Ciguapas are considered to be magical beings, beautiful in appearance to some, yet horrendous to others. All sources agree that they are wild creatures. They are compared in many cases to mermaids: beautiful yet cruel, and far from innocent. Deceitful and ready to capture the wayward traveler, it is said that they are so beautiful that they can lure men into the forest to make love with them, only to kill them afterward. Legends have suggested that some are benevolent and wish not to kill trespassers, though not much evidence supports this claim. Even today, one can still find inhabitants who confirm having sighted a ciguapa.
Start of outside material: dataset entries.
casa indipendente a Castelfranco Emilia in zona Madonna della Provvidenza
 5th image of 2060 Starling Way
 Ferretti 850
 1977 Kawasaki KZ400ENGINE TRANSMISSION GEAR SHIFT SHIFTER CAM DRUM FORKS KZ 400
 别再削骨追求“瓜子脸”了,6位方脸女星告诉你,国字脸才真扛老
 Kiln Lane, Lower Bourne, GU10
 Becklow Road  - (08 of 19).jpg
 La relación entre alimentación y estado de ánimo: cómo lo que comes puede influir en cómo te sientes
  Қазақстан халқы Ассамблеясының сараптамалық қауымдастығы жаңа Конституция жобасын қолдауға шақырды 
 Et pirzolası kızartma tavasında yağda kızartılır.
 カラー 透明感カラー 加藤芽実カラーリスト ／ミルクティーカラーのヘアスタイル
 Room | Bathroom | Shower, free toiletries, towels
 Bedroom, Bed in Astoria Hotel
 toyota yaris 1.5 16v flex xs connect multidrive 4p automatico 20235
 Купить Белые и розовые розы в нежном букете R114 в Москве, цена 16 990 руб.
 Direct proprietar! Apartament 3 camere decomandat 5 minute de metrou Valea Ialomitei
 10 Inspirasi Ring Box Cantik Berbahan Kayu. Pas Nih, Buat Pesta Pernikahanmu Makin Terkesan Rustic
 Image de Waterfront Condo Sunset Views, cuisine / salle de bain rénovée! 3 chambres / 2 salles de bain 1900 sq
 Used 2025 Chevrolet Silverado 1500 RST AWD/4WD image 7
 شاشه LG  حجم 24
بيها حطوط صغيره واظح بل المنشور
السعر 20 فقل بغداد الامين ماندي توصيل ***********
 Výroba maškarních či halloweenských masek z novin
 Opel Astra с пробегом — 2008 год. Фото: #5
Some also state that she is hard to find and locate due to her backwards feet, so she is almost impossible to track unless you know to follow the feet backwards.

Lore states that the only way to capture a ciguapa is by tracking them at night, during a full moon, with a black and white polydactylic dog (called a cinqueño dog).

Though many believe that the myth of the ciguapa is of Taino origin, it has been argued that it is probably of more recent concoction because the Ciguapa myth has many characteristics in common with the ancient European mermaids. No known Taino artifacts or lore make reference to any creature even remotely similar to it. Also, the legend may have originated from other myths, as distant as the Guaraní Curupí or the Hindu Churel, which was described by Rudyard Kipling in My Own True Ghost Story as having traits similar to those of the ciguapa. The Hindu hypothesis may be far-fetched since there is no way to ascertain how this story got to the Dominican Republic during the nineteenth century when no cultural exchange occurred between these nations.

A Dominican film called El Mito de la Ciguapa (The Myth of the Ciguapa) was released in 2009.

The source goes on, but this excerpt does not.